Andreassen disagreed with the sentiment that those who are reaching the mandatory end of their term will work less fastidiously for their community. “Anybody who thinks that anybody in these elected positions that they’re the only ones that can do that work, history has shown otherwise,” said Andreassen, who ran unsuccessfully against Costello for town supervisor last November. “Certainly people come in, there’s a learning curve, they excel and they do very well. It’s why I admired [ex-] congressman Chris Gibson, who term-limited himself. The argument is that if you’re a lame duck and you’re going to not care. He cared until the last day he served.”
Costello disagreed with Andreassen, writing that an elected official in their last term of eligibility “is not bound by their fear of the ballot box.”
“Anything that limits the public’s opportunity for political choice should be considered very carefully,” Costello wrote in an email responding to Ivino’s proposal. “Term limits artificially impose a decision on residents by limiting the choice of who they can vote for. Term limits by their nature ignore any potential value that knowledge and experience offer to the political process. While knowledge and experience are not the only consideration a voter should value, being denied the opportunity to consider them has an implication as well.”
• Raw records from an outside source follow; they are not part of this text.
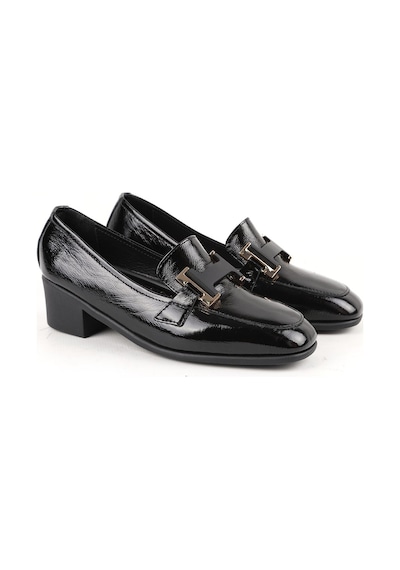 Libero Kadın Topuklu Loafer Siyah Hakiki Rugan Küt Burun Metal Tokalı Kısa Kalın Blok Topuk Kauçuk Taban L031.26143249 Libero Kadın Topuklu Loafer Siyah Hakiki Rugan Küt Burun Metal Tokalı Kısa Kalın Blok Topuk Kauçuk Taban L031.26143249
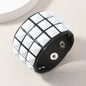 18 Color Punk Hip-Hop Three Rows of Square Rivets PU Leather Big Wide
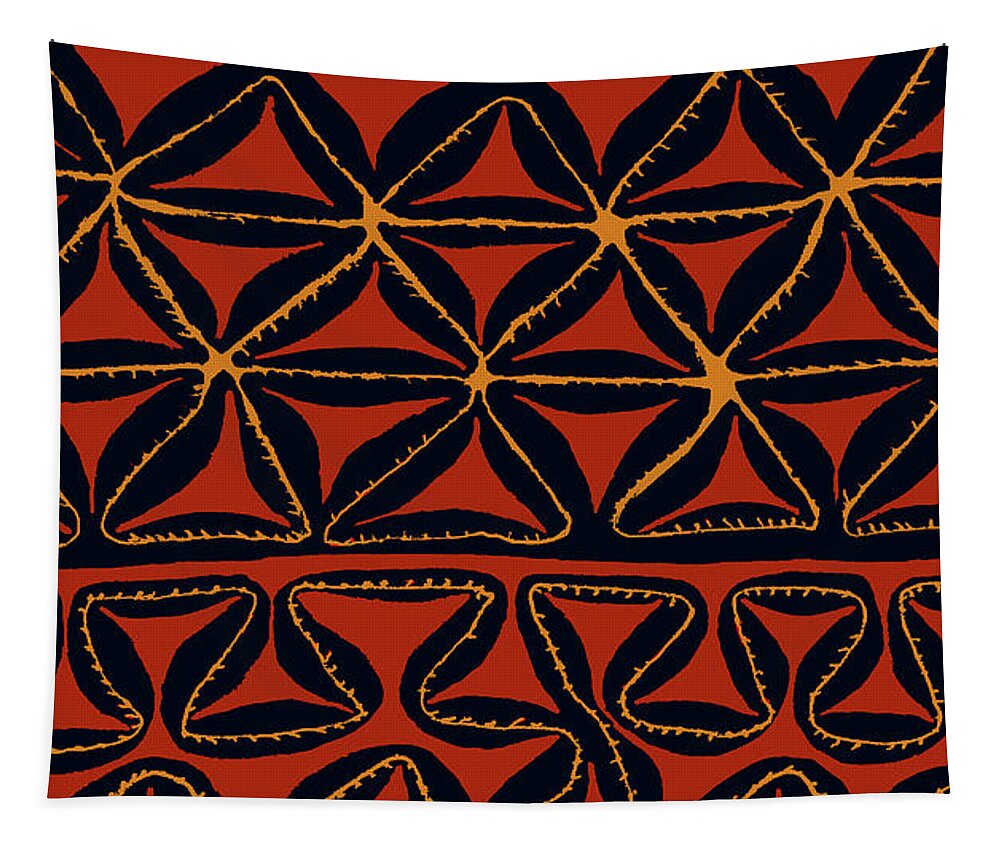 South Seas Tapa Cloth Tapestry featuring the painting Tropical Tribal Tapa #2 by Vagabond Folk Art - Virginia Vivier
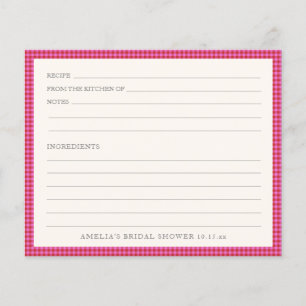 Roze Rood Gingham Bruiloftsrecept Kaart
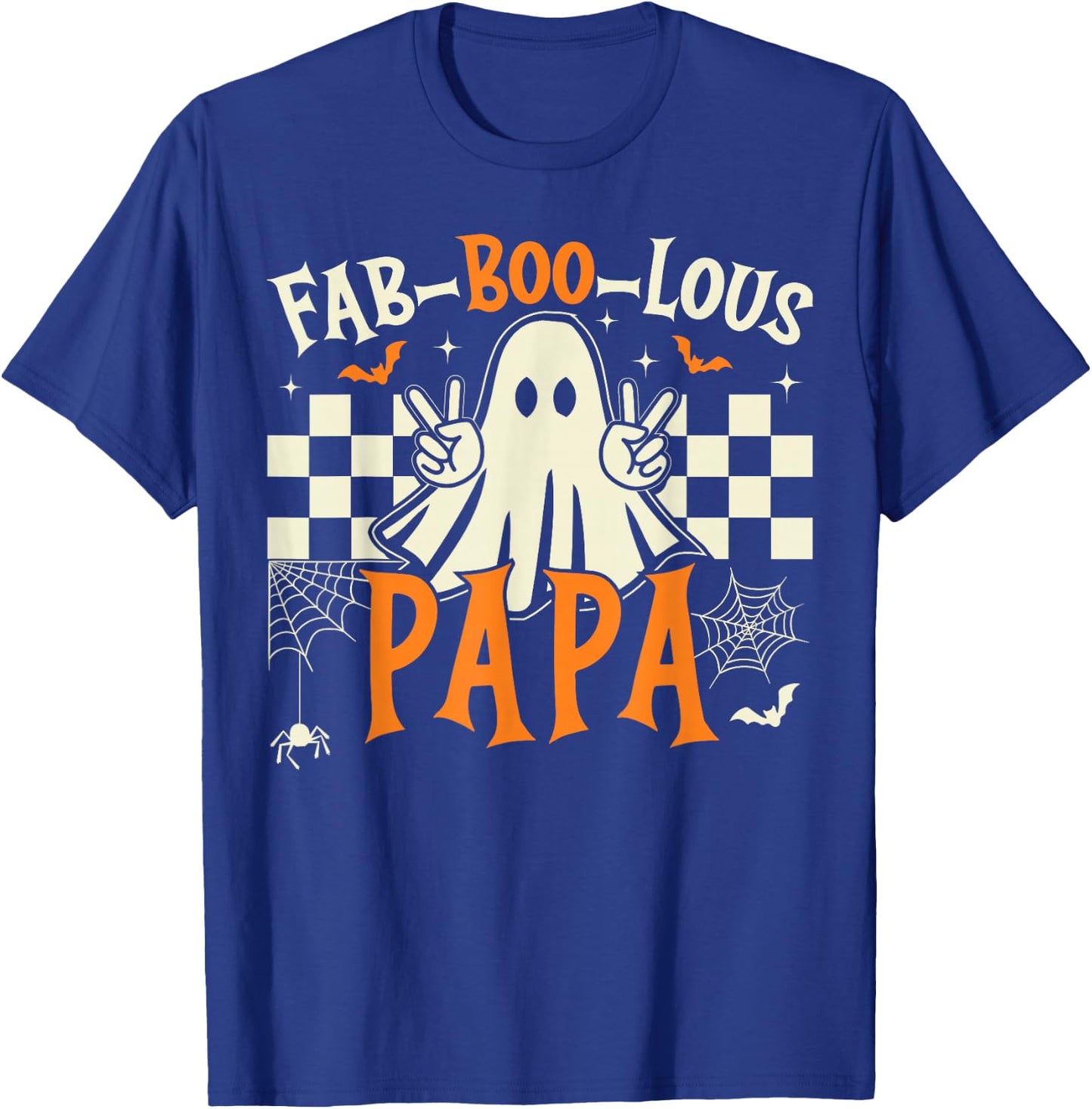 Fab Boo Lous Papa Retro Ghost Spooky Papa Halloween Costume T-Shirt - T-Shirt | Royal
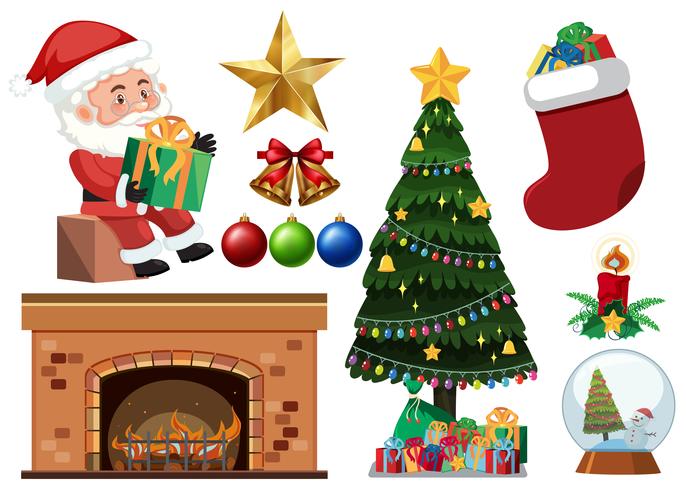 Set of christmas objects vector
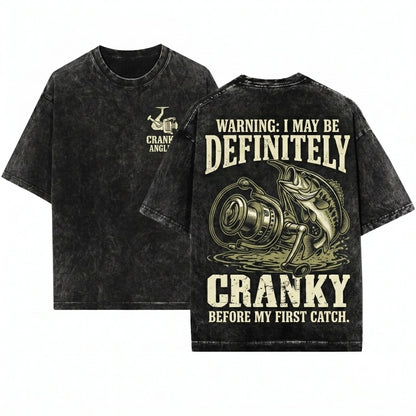 Cranky Funny Fishing Reel Fisherman Gift Ideas For Dad Husband Unisex Wash T-Shirt
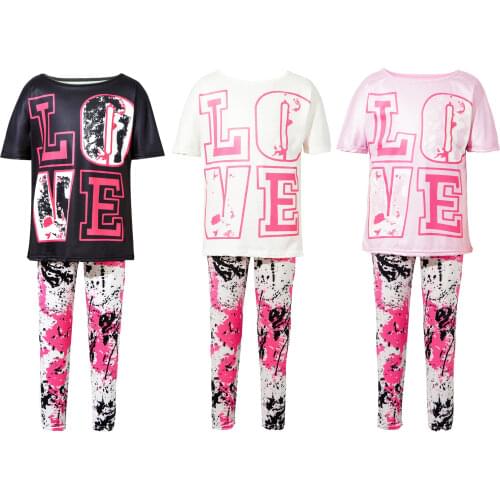 Kids Girls Sports Suit Workout Tracksuit Outfits Short Sleeves Printed T-shirt And Pants Leggings Set 2Pcs Summer Clothes Sets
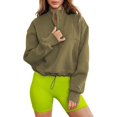 thumbnail image 1 of Women's 2023 Fall Half Zip Pullover Tops Long Sleeve Sweatshirt Quarter Zip Lapel Hoodie Sweater Teen Girls Fall Clothes, 1 of 4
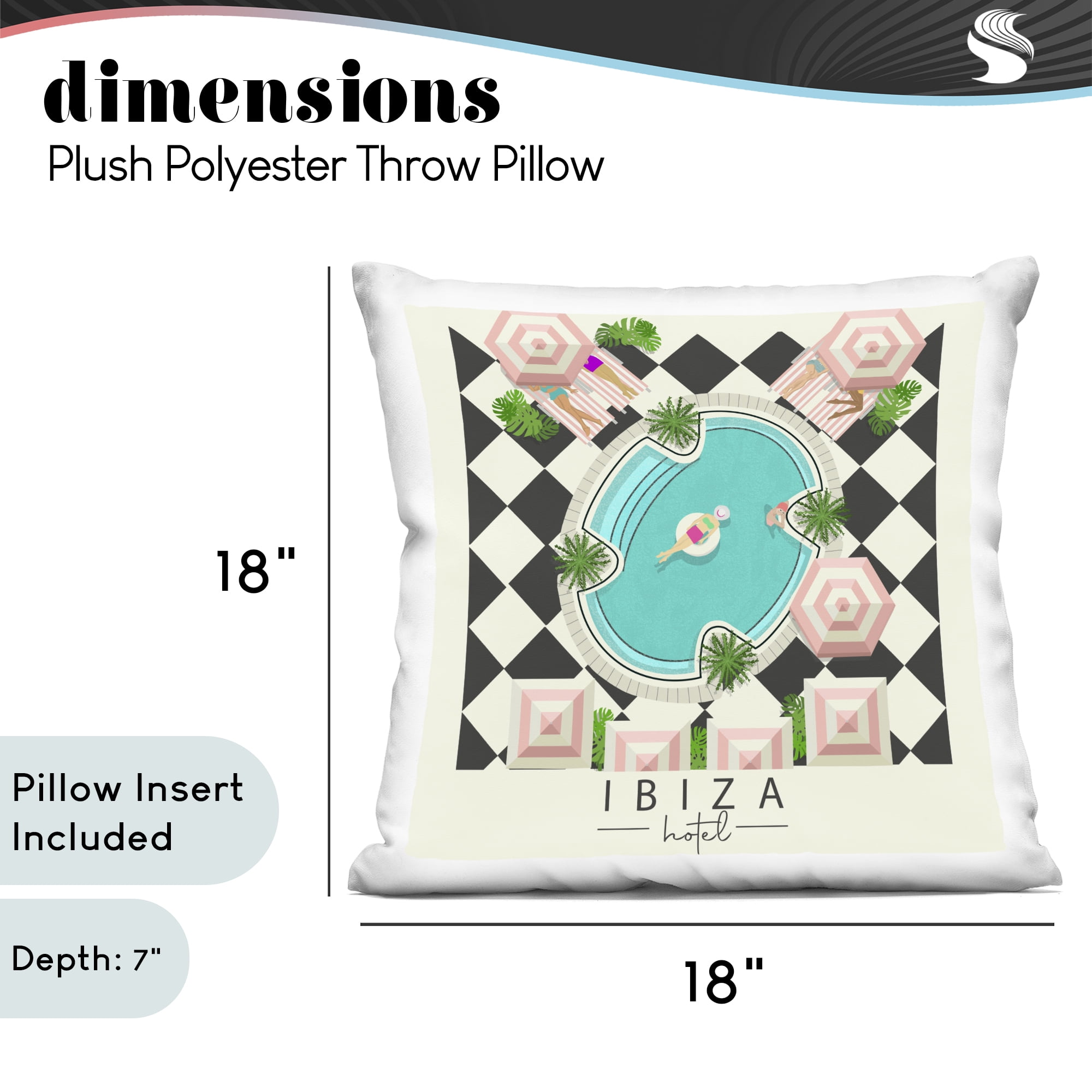 Stupell Industries Ibiza Hotel Vacation Decorative Printed Throw Pillow, design by Jen Bucheli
He attached a spreadsheet chronicling the time served by each town supervisor since 1890. The average time as supervisor was 3.8 years, and the only three candidates to exceed twelve years were John D. Fratcher, Peter Williams and most recently Greg Helsmoortel. Costello also noted that of the eight years his name has appeared on the ballot, he ran opposed for seven. He considered that evidence that “our political system is dynamic, healthy and working.”
It’s unclear whether term limits could be established by a sitting town board, or whether a voter referendum would be required. A number of other New York towns have imposed term limits on their elected officials.